INSTRUCTIONS FOR THE TASK
Copy each entry verbatim, excluding its images.
──────── MATERIAL FOR THIS EXERCISE ────────
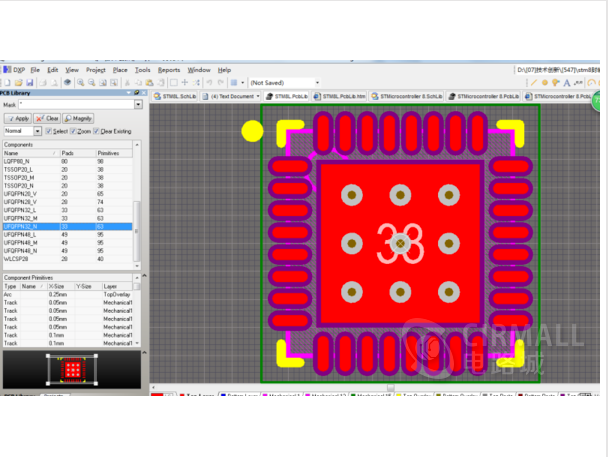 STM8L STM8S系列 8位单片机Altium原理图+PCB封装库 集成库文件_鹏程工联_工业互联网技术服务平台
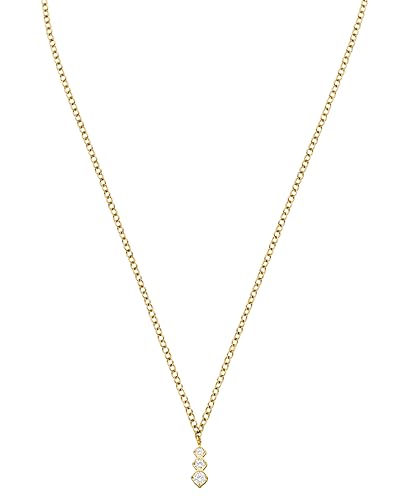 Purelei® Sparkling Kette Damen (Gold) – Halskette Damen aus langlebigem Edelstahl – Wasserfeste Kette mit Anhänger – 40–45 cm Länge verstellbar – Halskette für deinen individuellen Look von Purelei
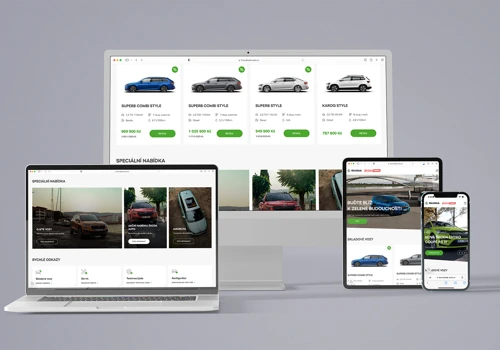 Škoda Auto dealers - Kentico enterprise solution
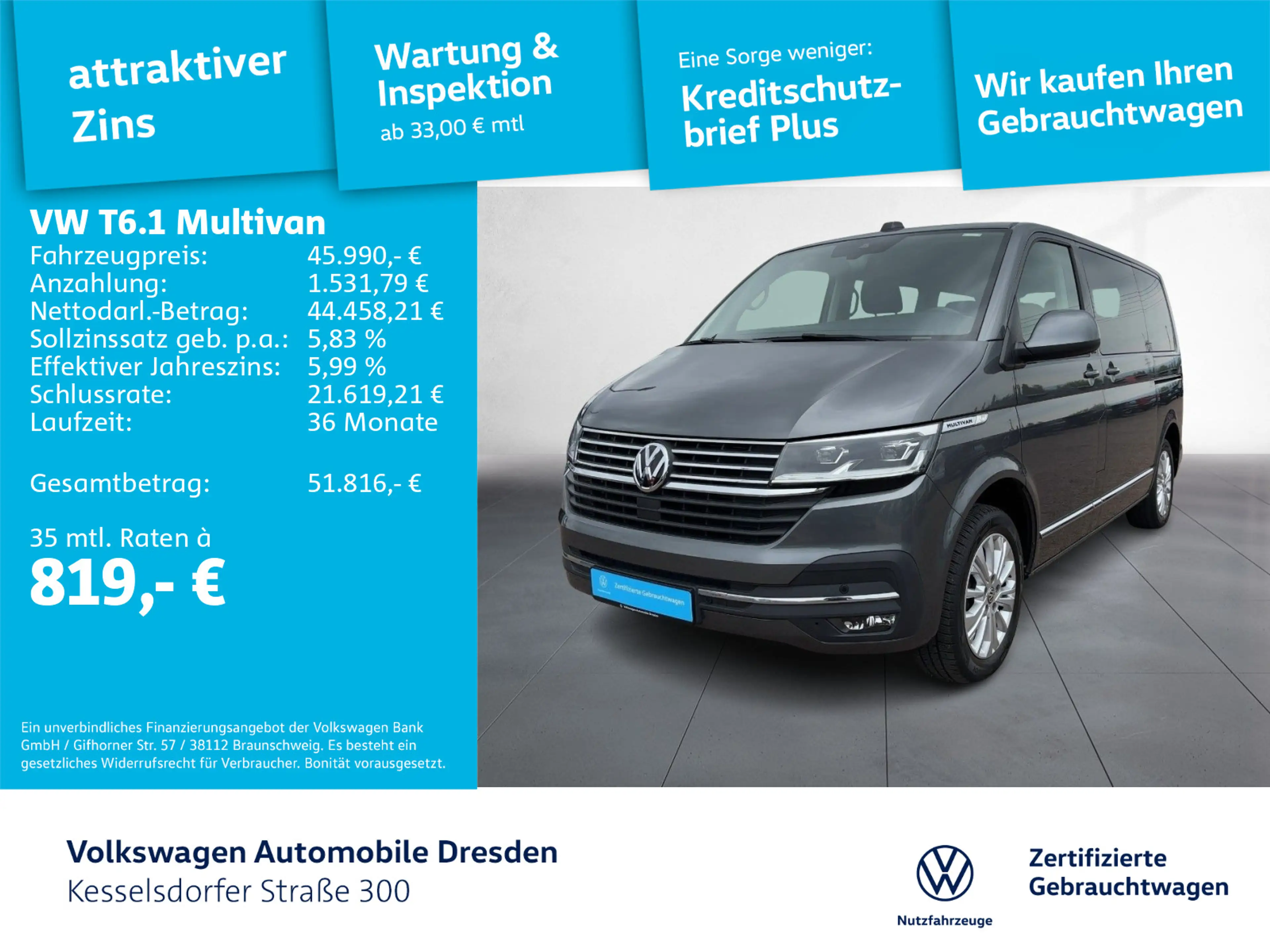 Volkswagen T6.1 Multivan Comfortline — photo 2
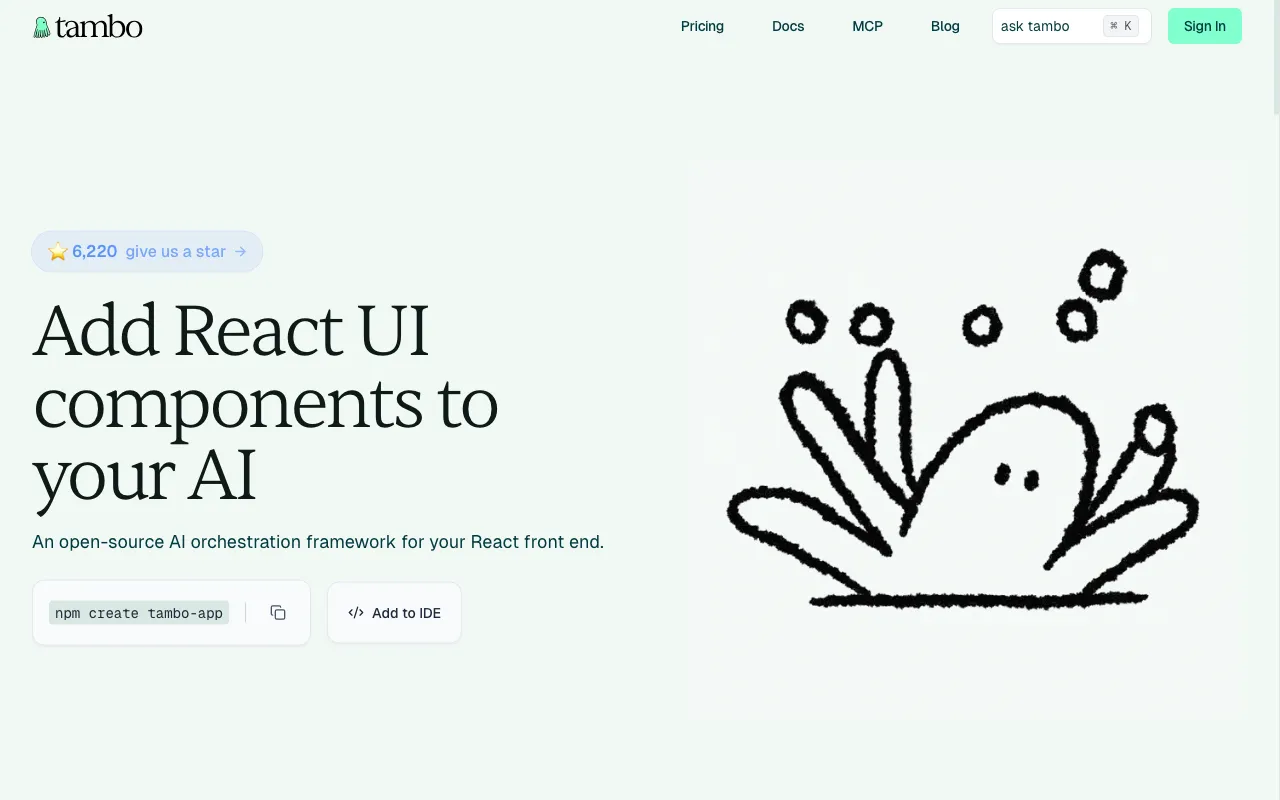 tambo — pricing page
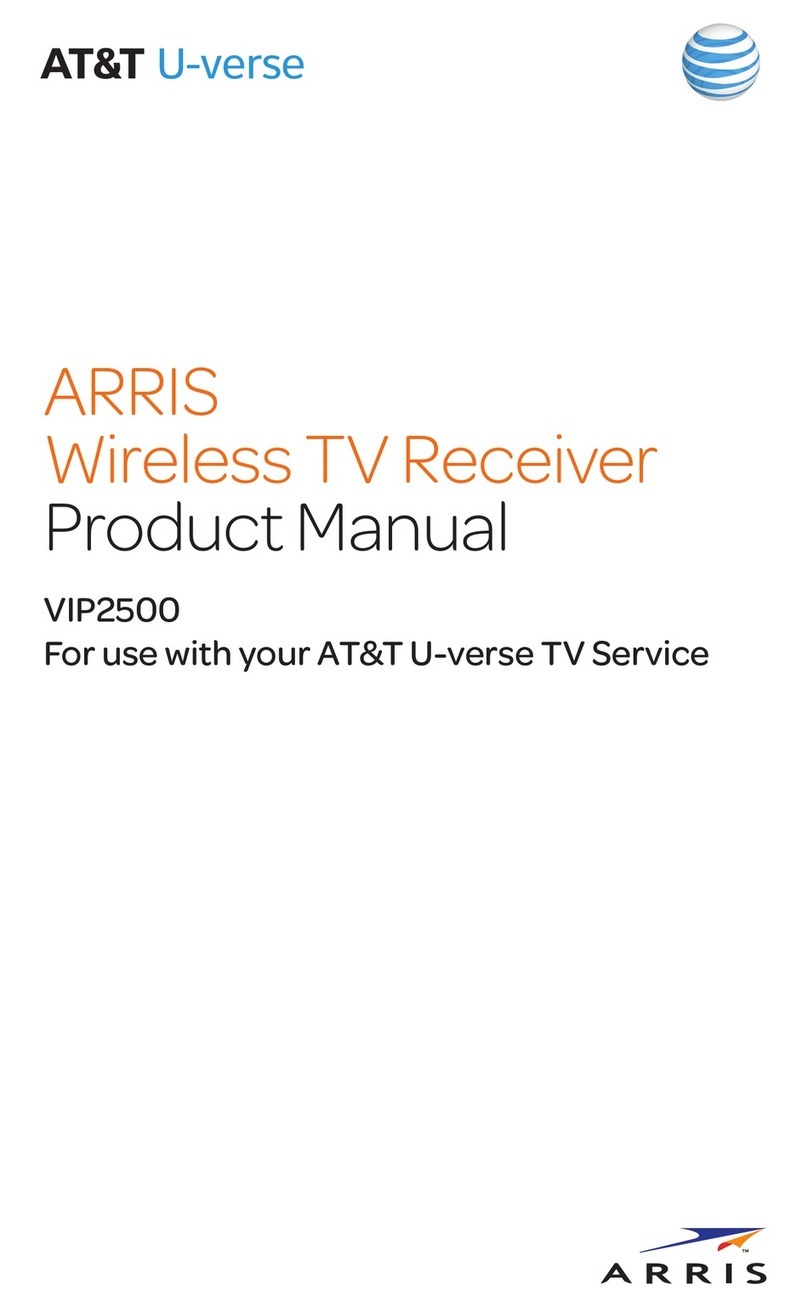 Arris AT&T U-verse VIP2500 User manual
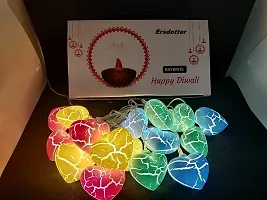 The Transparent - Diwali Special 14 LED Crack Heart Pastel String Lights for Home, Hotels, Restaurant Decoration Set of 1-thumb3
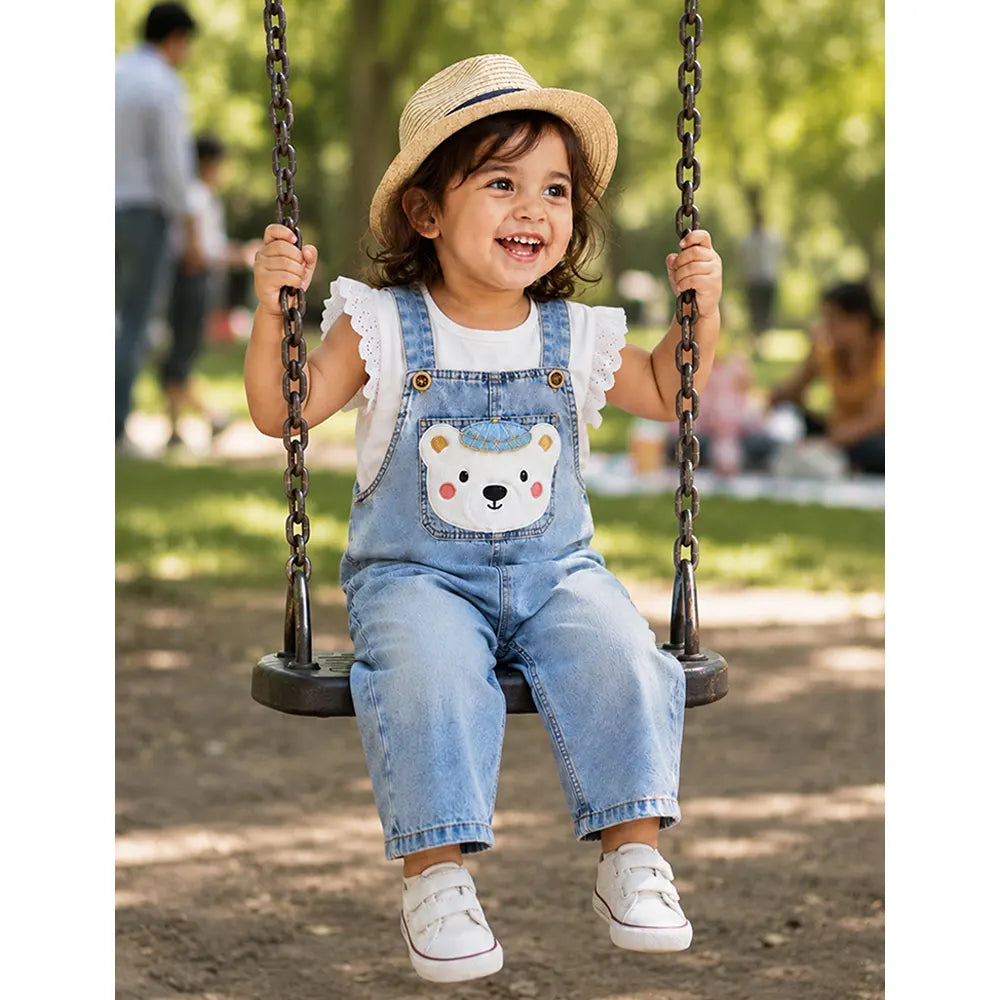 Cap Bear Denim Dungaree for Toddlers and Kids (No T-Shirt Included)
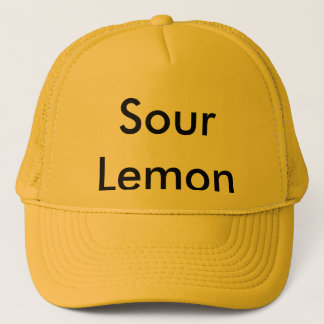 Casquette aigre de citron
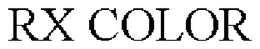 RX COLOR trademark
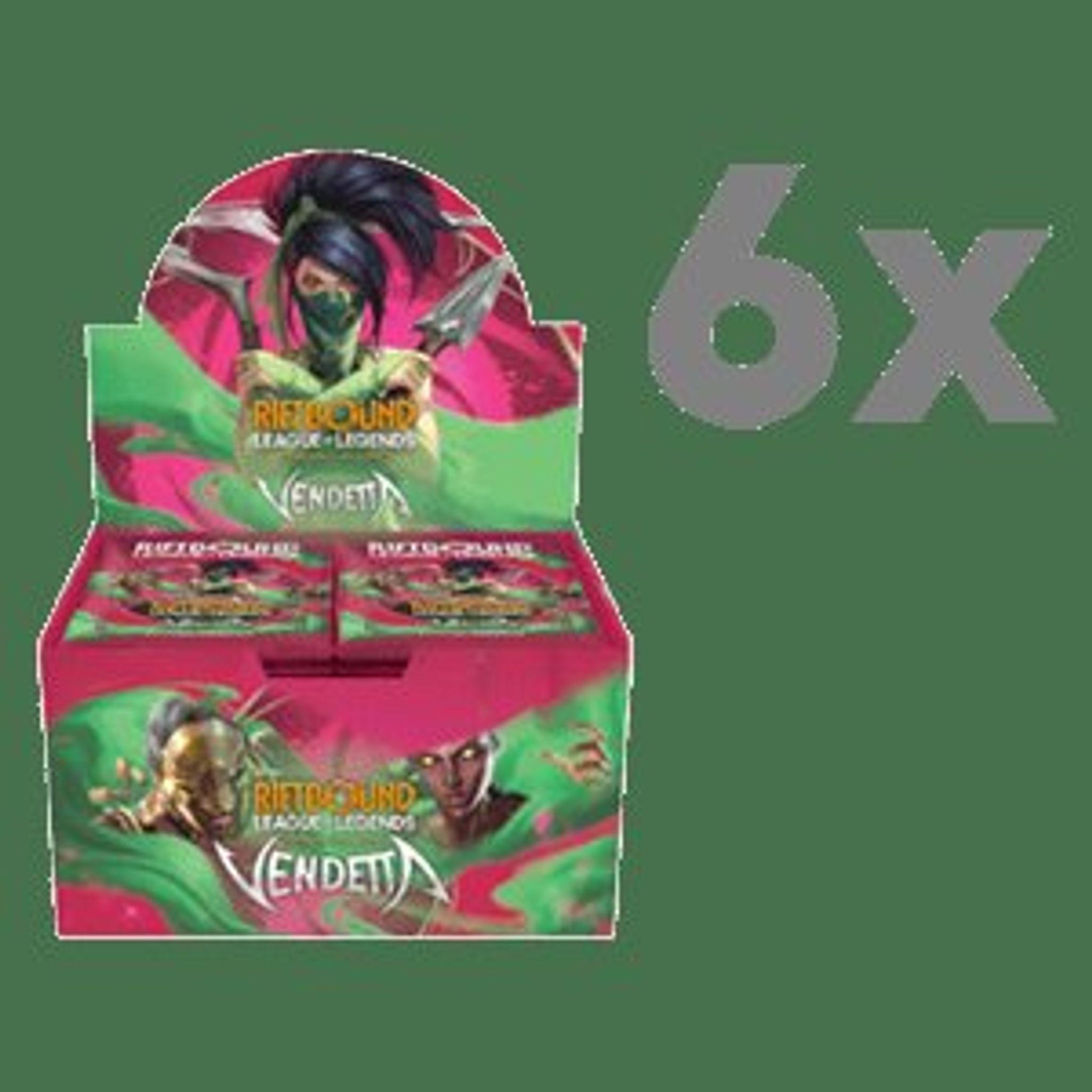 riot-games Riftbound VEN Vendetta Sammelkartenspiel Case versiegelte Verpackung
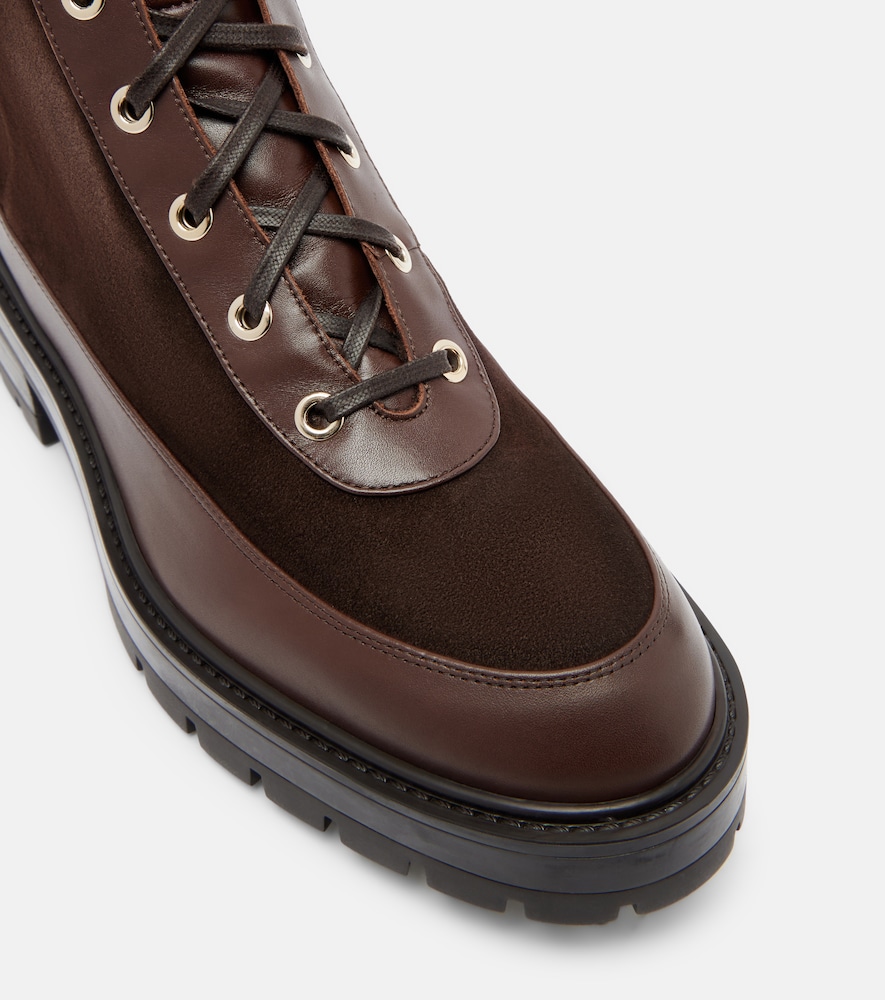 Very Cortina Suede Lace-Up Boots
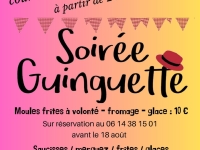 Soirée guinguette  le 25 août à Crissey 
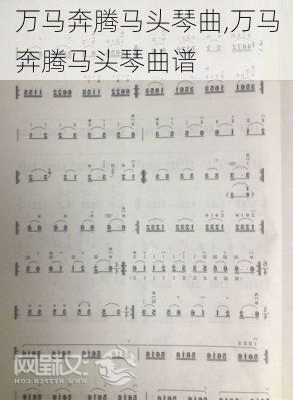 万马奔腾马头琴曲,万马奔腾马头琴曲谱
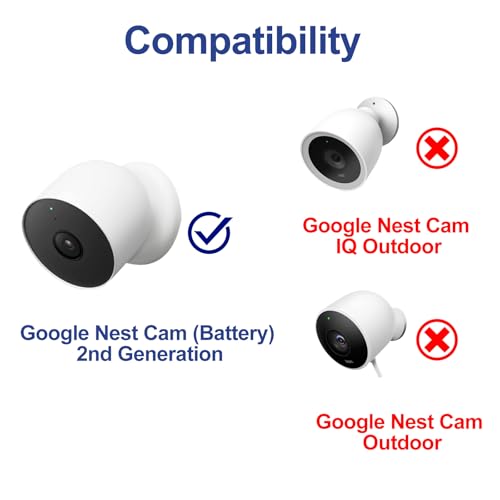 20FT Weatherproof Power Cord for Google Nest Cam (Battery), 2 Pack - size: 20 FT-2 Pack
────────
RESPONSE BELOW
 STM8L STM8S系列 8位单片机Altium原理图+PCB封装库 集成库文件_鹏程工联_工业互联网技术服务平台
 Purelei® Sparkling Kette Damen (Gold) – Halskette Damen aus langlebigem Edelstahl – Wasserfeste Kette mit Anhänger – 40–45 cm Länge verstellbar – Halskette für deinen individuellen Look von Purelei
 Škoda Auto dealers - Kentico enterprise solution
 Volkswagen T6.1 Multivan Comfortline — photo 2
 tambo — pricing page
 Arris AT&T U-verse VIP2500 User manual
 The Transparent - Diwali Special 14 LED Crack Heart Pastel String Lights for Home, Hotels, Restaurant Decoration Set of 1-thumb3
 Cap Bear Denim Dungaree for Toddlers and Kids (No T-Shirt Included)
 Casquette aigre de citron
 RX COLOR trademark
 riot-games Riftbound VEN Vendetta Sammelkartenspiel Case versiegelte Verpackung
 Very Cortina Suede Lace-Up Boots
 Soirée guinguette  le 25 août à Crissey 
 万马奔腾马头琴曲,万马奔腾马头琴曲谱
 20FT Weatherproof Power Cord for Google Nest Cam (Battery), 2 Pack - size: 20 FT-2 Pack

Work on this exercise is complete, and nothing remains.